Morton chronicles stories from Vietnam while he served there in 1968, and also the story of why he joined the Marine Corps in the first place.
Morton said he worked with Vietnamese people and Vietnam’s armed forces directly during the war. He received the Bronze Star Combat V and a Purple Heart.
“It’s a powerful, in-the-moment type of book,” Stevens said. “It’s dialogue-driven, very snappy and very concise.”
Even its title is snappy: “Whiskey Tango Foxtrot.”
“It doesn’t stand for ‘where’s the food,’” Morton said with a laugh. He chose the title for his book because “a lot of the stuff that happens in it brings that phrase to mind.”
Morton has sold more than 60 copies of the book through presales. It will soon be available on Amazon.com.
“It’s not your everyday military book,” Morton said. “It’s probably more unique in the way it’s told. It’s not about the blood and guts. It’s very direct. I believe it reads quickly.”
Along with Morton, several more local authors will sign copies of their books at CVMD, 808 4th St., on Veterans Day from 1 to 4 p.m.

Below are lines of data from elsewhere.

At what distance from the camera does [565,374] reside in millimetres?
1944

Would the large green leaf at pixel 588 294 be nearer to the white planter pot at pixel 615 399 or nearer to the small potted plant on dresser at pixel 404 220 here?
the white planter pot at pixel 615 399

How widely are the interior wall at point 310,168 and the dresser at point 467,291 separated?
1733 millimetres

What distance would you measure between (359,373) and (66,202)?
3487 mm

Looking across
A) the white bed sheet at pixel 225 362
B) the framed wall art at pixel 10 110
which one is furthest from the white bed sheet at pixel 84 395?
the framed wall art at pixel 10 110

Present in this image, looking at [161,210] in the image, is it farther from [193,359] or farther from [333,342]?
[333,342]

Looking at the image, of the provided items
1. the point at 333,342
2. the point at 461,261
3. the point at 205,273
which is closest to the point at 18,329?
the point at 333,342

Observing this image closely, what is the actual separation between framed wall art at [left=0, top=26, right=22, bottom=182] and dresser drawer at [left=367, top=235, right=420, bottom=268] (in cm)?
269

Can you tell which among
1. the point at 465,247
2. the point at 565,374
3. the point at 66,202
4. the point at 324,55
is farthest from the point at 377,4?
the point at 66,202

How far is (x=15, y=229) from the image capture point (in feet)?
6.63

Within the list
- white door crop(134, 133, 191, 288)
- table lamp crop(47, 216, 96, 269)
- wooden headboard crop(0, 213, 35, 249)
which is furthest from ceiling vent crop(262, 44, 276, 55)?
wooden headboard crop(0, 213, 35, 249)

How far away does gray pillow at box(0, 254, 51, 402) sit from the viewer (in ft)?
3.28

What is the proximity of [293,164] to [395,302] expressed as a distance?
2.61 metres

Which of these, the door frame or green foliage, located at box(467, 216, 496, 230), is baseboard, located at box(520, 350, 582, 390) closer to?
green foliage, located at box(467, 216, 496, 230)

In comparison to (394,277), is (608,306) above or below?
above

They include:
▪ Gid Adkisson, “Infantry Lieutenant,” about his father’s WWII combat service.
▪ Ken Eaton, “Missing Dog Tags,” about his three escapes and captures during the Korean War.
▪ George Gruner, “Into the Night” which recounts the histories of Hammer Field, Pinedale and the Fresno Fairgrounds and their impact on the Japanese internment in the Central Valley during WWII.

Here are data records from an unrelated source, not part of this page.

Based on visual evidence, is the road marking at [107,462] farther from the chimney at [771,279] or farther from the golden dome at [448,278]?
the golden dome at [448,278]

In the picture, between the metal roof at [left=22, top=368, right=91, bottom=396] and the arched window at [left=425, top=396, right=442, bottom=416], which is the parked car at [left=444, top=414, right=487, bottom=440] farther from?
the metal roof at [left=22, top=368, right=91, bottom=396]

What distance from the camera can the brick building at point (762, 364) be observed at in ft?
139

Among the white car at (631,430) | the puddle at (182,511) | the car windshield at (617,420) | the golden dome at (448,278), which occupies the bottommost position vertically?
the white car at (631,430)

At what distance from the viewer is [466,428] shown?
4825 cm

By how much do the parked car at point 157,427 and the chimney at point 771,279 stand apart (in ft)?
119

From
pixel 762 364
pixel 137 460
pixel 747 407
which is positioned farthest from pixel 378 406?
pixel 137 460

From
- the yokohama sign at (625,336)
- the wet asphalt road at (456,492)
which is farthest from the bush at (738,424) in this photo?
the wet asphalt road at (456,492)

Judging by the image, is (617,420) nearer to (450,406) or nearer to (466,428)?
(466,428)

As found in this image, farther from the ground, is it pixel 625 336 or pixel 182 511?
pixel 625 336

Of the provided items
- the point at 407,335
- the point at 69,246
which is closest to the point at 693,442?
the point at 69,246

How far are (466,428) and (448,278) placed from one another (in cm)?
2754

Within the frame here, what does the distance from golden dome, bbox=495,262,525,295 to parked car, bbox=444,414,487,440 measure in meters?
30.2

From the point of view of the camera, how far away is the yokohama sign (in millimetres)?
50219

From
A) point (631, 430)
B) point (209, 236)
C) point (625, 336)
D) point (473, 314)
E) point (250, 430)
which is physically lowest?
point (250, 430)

▪ David Hendrickson, “The Patrol Frigate Story,” about his experience serving on the USS Albuquerque PF-7 during a 14-month tour of duty in the Bering Sea during WWII.
▪ Phyllis Johnson, “A Different Drummer: The Adventures of a Civil War Hero and Artist,” which pieces together family legend and careful research for a story about her ancestor, Julian Scott who started out as a drummer boy in the Civil War and ended up recording a visual history of the war.
▪ Dave Leue, “Korean Combat” and “Vietnam Combat,” about his lengthy military career. His wife, Stella, finished his last book from his journals after he passed away.
▪ Jim Mobley, “Betrayal” about his service in the jungles of Vietnam.
▪ Janice Stevens, “Stories of Service: Valley Veterans Remember WWII” and “Stories of Service: Valley Veterans Remember WWII, Korea, Vietnam and the Cold War” which compile veterans’ memoirs.